▸ **Activity**
Please retype the data in full and exactly; the pictures are not part of the copy.

▸ **Source material**
/---

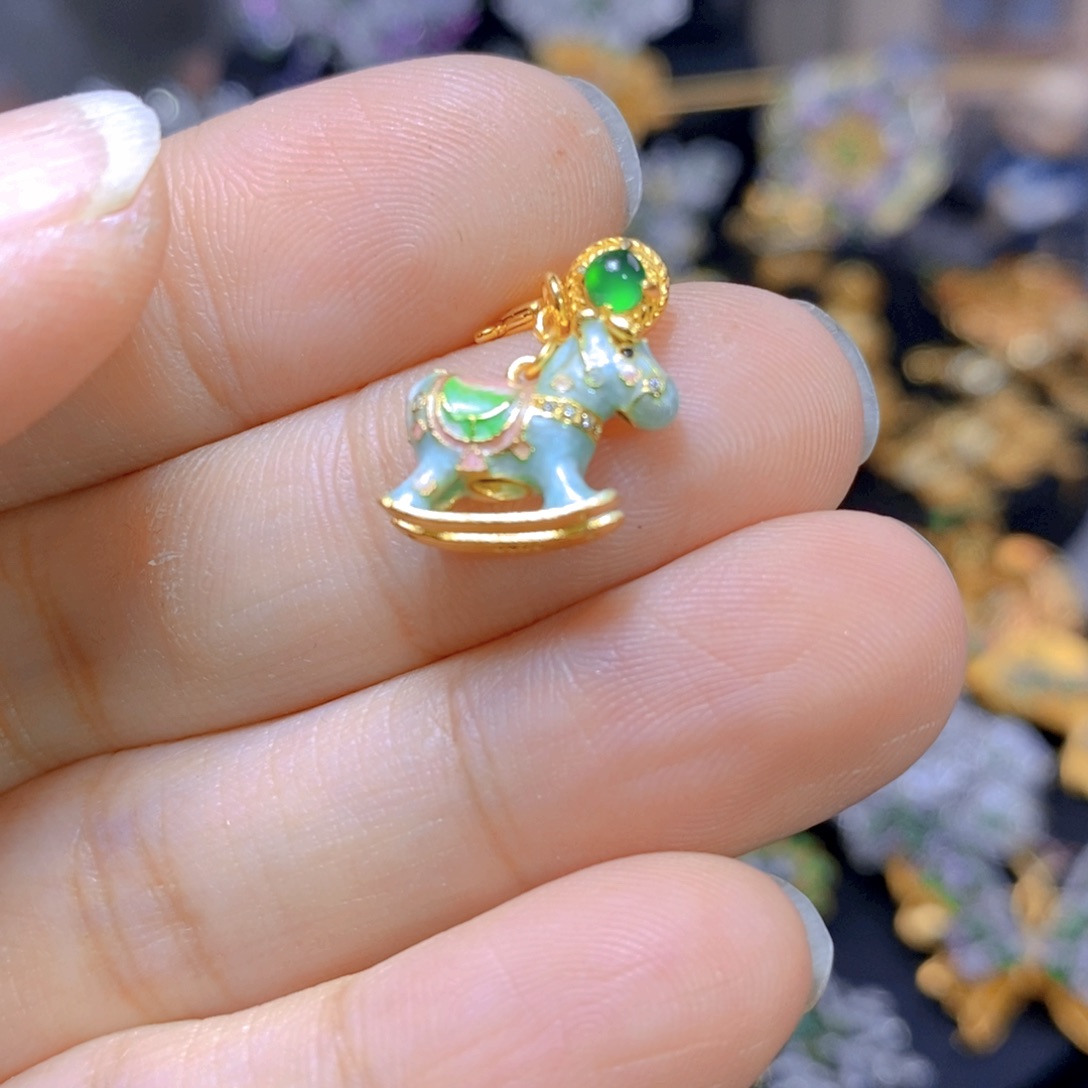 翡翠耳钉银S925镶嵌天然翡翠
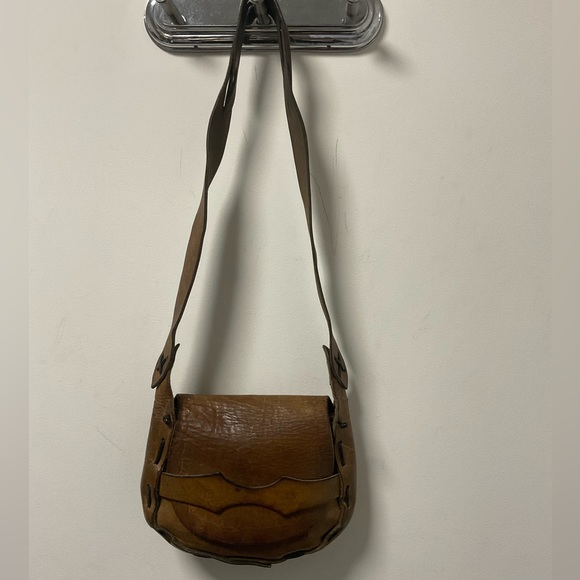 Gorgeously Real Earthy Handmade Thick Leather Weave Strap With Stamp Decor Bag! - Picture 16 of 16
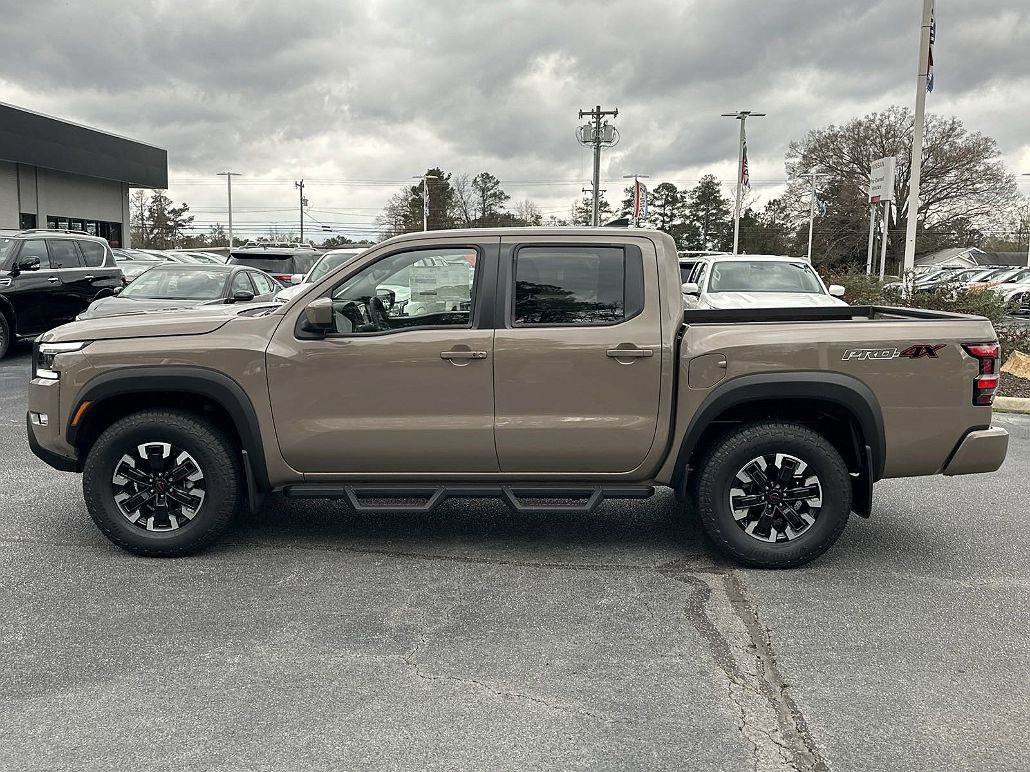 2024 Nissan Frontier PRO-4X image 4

\---

▸ **Result**
 翡翠耳钉银S925镶嵌天然翡翠
 Gorgeously Real Earthy Handmade Thick Leather Weave Strap With Stamp Decor Bag! - Picture 16 of 16
 2024 Nissan Frontier PRO-4X image 4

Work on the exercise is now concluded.